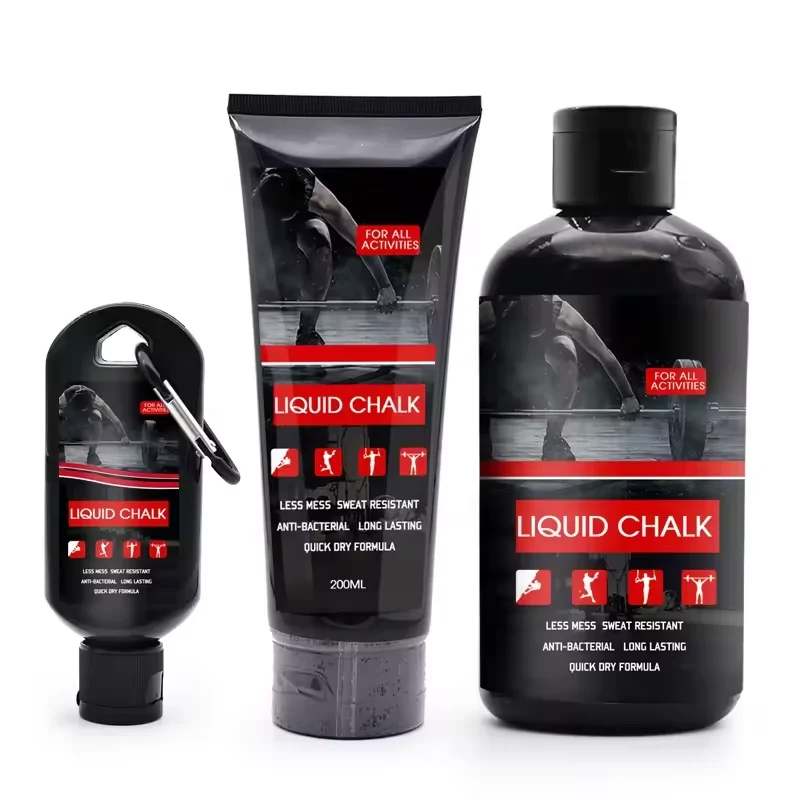 Private Label Tennis Gym Golf Sports Enhanced Grip Magnesium Carbonate  climbing Scented Liquid Chalk 50ml 250ml 100ml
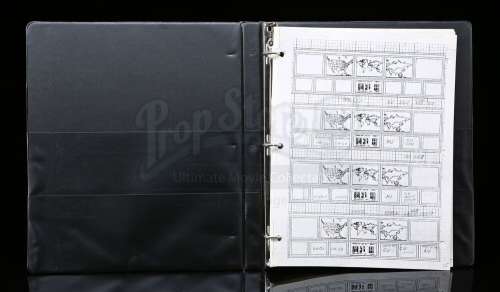 WARGAMES (1983) - Lot #421: Set of 26 Printed Defense System Readout Designs with Visual Effects Camera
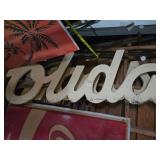 Cursive Wooden Sign in Painted Finish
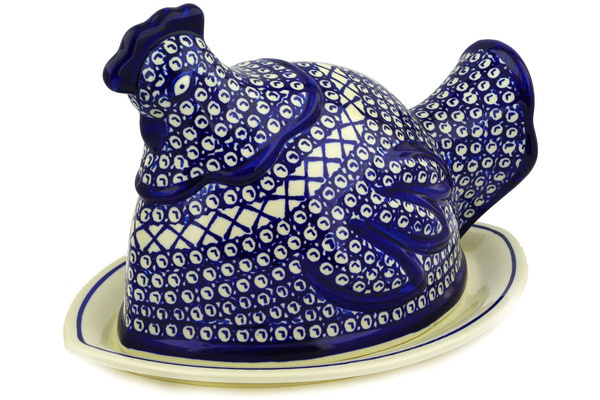 Dish with Hen Cover 14"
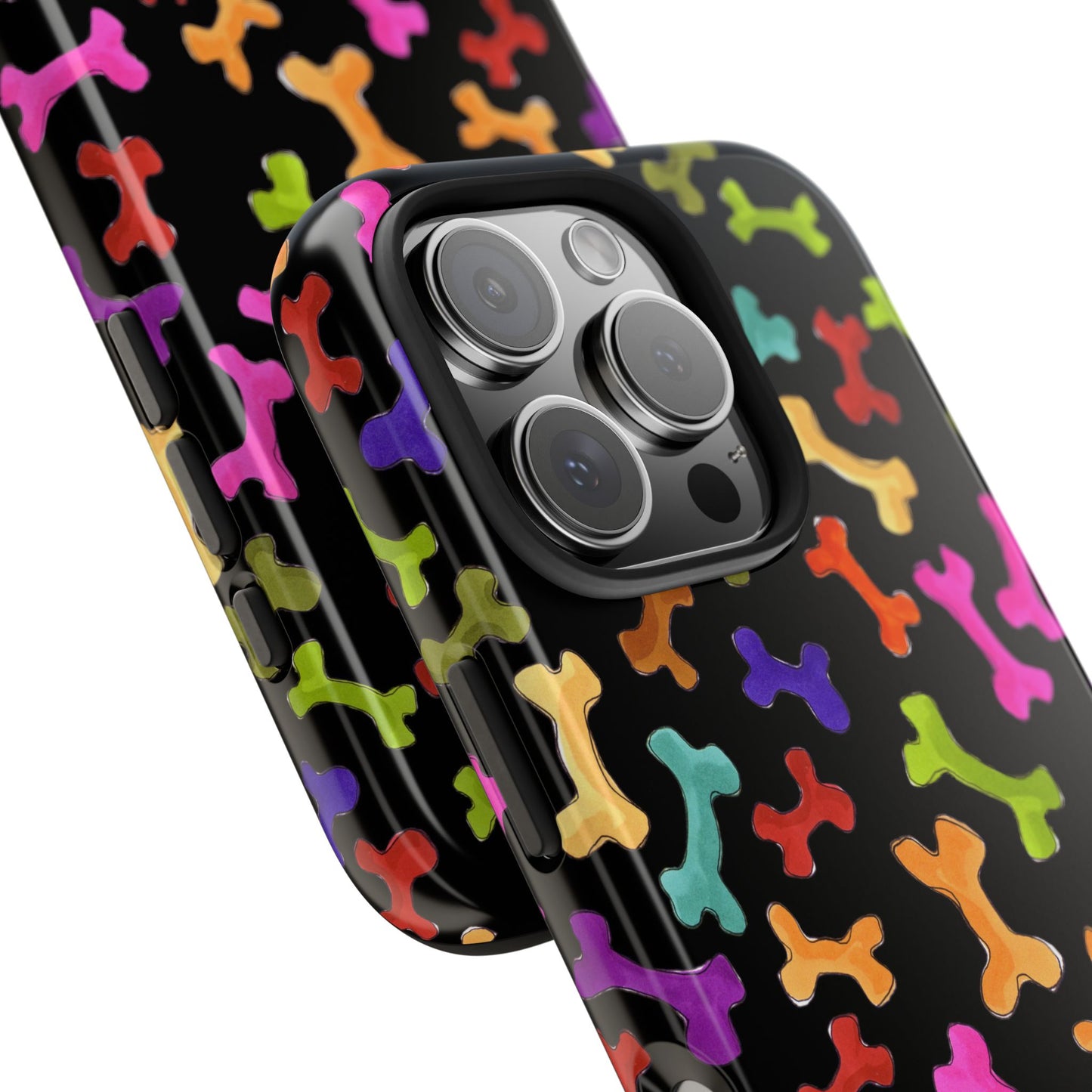 Happy Bones Black Phone Case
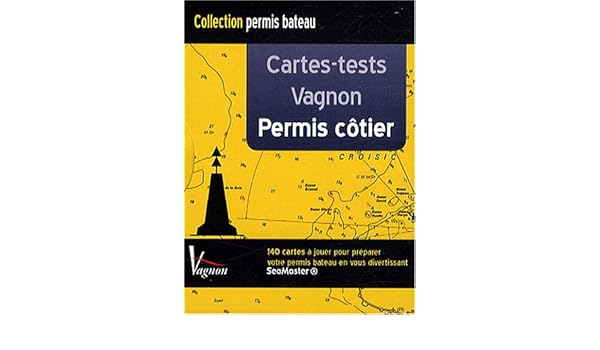 Cartes Tests Vagnon Permis Côtier Amazonfr Vagnon Livres - 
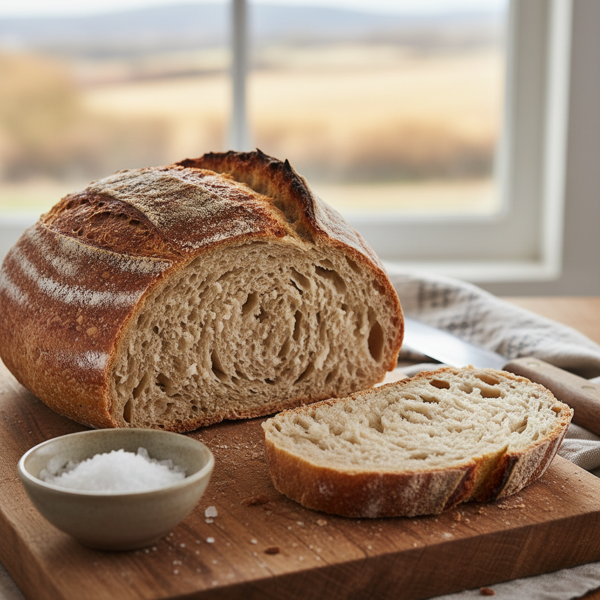 Artisan No-Knead Sourdough Bread recipe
|---|
_Your task_
Set down exactly the lines between the line containing "Cursive Wooden Sign in Painted Finish" and the end of the records above, both ends included; pictures stay out.

_Response for this exercise_
 Cursive Wooden Sign in Painted Finish
 Dish with Hen Cover 14"
 Happy Bones Black Phone Case
 Cartes Tests Vagnon Permis Côtier Amazonfr Vagnon Livres - 
 Artisan No-Knead Sourdough Bread recipe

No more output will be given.